What is being asked: Begin at the line containing "Blue Vintage Azulejo" in the entries below and end at the line containing "H1B visa document"; transcribe that range exactly and nothing outside it.

Information supplied:
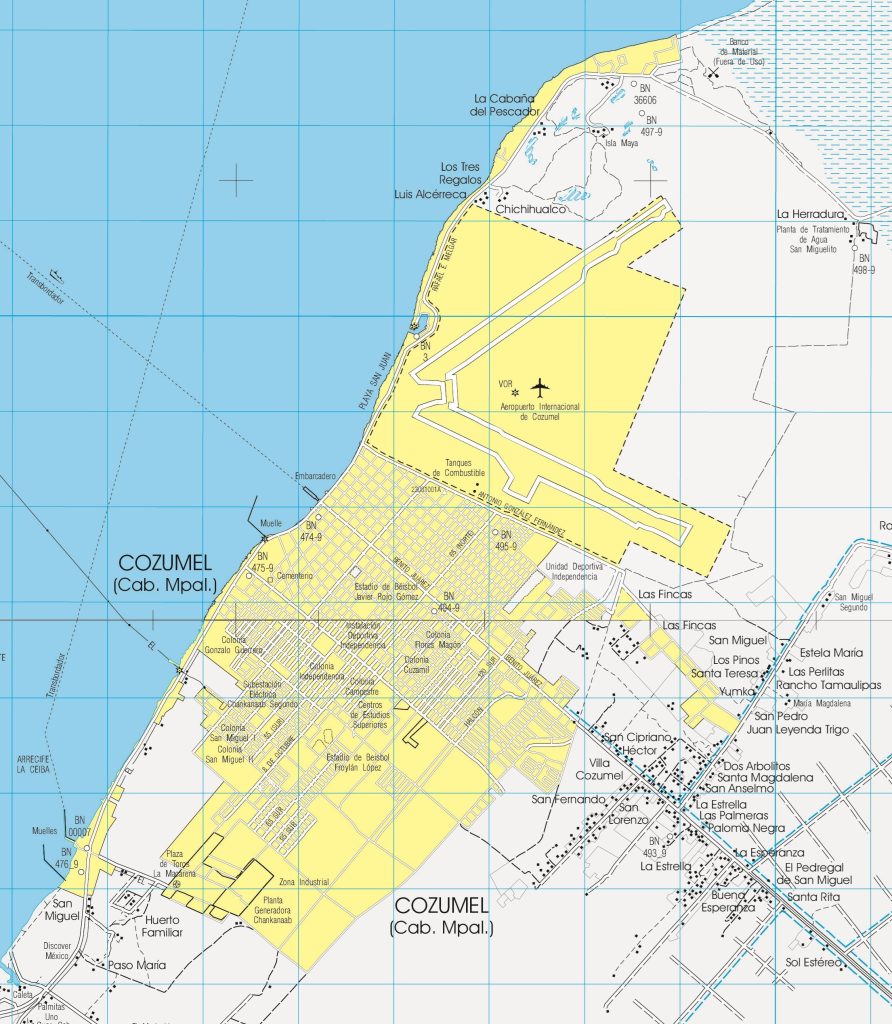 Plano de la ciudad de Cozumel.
---
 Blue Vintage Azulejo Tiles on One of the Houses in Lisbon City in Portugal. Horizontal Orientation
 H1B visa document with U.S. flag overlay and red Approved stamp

Expected output:
 Blue Vintage Azulejo Tiles on One of the Houses in Lisbon City in Portugal. Horizontal Orientation
 H1B visa document with U.S. flag overlay and red Approved stamp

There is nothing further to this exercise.